After much back and forth at the 11th hour, Nexstar stations in nine markets went dark on Cox Cable systems over the weekend in a retransmission dispute.
Their five-year carriage deal expired while negotiations reached an impasse.
Cox said “Nexstar has decided to remove their channels from the Cox line up,” while Nexstar said Cox “dropped the network and local community programming” in these markets: Acadiana and Baton Rouge, La.; Florida’s Gulf Coast, Ft. Smith and Springdale, Ark.; Las Vegas; Phoenix; Pittsburg, Kansas and Roanoke, Va.
Cox and Nexstar say they want to resolve the dispute. But at the same time, they’re telling the public what’s happening their own perspective.

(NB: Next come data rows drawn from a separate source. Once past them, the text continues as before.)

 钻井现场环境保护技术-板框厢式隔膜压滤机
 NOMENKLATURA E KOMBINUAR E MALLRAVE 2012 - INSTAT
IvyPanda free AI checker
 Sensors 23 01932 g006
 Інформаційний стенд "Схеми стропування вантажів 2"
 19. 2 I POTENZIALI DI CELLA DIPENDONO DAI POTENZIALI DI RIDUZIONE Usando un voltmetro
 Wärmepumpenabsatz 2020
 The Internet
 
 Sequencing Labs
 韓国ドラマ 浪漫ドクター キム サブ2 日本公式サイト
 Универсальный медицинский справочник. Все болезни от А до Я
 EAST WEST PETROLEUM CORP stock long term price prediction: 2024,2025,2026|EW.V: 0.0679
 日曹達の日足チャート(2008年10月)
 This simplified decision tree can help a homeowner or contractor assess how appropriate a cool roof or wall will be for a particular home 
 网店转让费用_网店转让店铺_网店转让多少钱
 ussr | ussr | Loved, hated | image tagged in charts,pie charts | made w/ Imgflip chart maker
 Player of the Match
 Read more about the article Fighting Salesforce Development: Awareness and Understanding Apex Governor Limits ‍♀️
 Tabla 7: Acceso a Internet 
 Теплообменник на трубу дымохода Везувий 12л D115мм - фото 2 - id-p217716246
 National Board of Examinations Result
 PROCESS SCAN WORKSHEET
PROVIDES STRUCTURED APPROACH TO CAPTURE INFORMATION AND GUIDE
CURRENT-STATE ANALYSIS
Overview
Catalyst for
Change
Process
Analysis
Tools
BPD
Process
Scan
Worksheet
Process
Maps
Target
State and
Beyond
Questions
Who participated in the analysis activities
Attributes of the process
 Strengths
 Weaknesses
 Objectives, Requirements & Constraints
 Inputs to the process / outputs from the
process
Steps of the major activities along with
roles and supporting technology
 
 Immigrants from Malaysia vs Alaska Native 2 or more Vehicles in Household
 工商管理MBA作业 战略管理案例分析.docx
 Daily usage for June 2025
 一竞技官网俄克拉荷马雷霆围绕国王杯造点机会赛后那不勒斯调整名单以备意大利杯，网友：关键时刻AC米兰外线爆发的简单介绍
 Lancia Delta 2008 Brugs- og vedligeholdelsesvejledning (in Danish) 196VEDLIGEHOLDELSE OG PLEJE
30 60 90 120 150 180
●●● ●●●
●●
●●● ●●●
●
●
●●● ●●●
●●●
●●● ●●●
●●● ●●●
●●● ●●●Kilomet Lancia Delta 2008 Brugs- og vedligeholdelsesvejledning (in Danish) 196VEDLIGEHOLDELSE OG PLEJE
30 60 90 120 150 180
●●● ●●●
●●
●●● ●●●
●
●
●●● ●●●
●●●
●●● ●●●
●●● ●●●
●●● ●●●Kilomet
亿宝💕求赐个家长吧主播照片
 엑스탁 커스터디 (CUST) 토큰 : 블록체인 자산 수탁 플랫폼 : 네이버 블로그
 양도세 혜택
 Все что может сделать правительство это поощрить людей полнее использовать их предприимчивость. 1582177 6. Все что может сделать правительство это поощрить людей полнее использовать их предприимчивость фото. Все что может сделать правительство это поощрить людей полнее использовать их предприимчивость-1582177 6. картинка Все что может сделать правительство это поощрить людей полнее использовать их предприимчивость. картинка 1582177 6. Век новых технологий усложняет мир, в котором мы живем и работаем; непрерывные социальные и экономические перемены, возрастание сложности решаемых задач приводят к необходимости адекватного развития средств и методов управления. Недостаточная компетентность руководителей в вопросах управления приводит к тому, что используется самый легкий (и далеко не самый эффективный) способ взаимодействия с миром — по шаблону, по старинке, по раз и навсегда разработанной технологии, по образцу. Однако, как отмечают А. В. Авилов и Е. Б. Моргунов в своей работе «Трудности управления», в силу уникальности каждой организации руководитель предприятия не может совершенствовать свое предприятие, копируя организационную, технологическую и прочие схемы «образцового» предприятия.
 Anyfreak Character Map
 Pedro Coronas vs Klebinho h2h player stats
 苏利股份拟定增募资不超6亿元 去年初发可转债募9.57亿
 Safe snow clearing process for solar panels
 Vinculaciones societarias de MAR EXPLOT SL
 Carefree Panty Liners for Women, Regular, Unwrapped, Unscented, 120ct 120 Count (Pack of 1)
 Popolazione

For example, Cox characterized Nexstar as the “latest station owner to rely on retransmission fees in an effort to boost their bottom line,” telling customers the broadcaster “has not changed its offer in two weeks and is still demanding three times more for its over-the-air stations.”
Referencing Nexstar’s new deal to pay $4.6B in cash and stock for Media General, Cox urged the public to voice their opposition to the deal to the FCC, raising the suspicion “that they are using retransmission fees to fund these deals.”
“Nexstar won’t even accept the very same rate that stations they manage agreed to just two weeks ago,” says Cox.” The merger “would force more cable TV/satellite companies and ultimately customers to pay higher fees for retransmission consent.”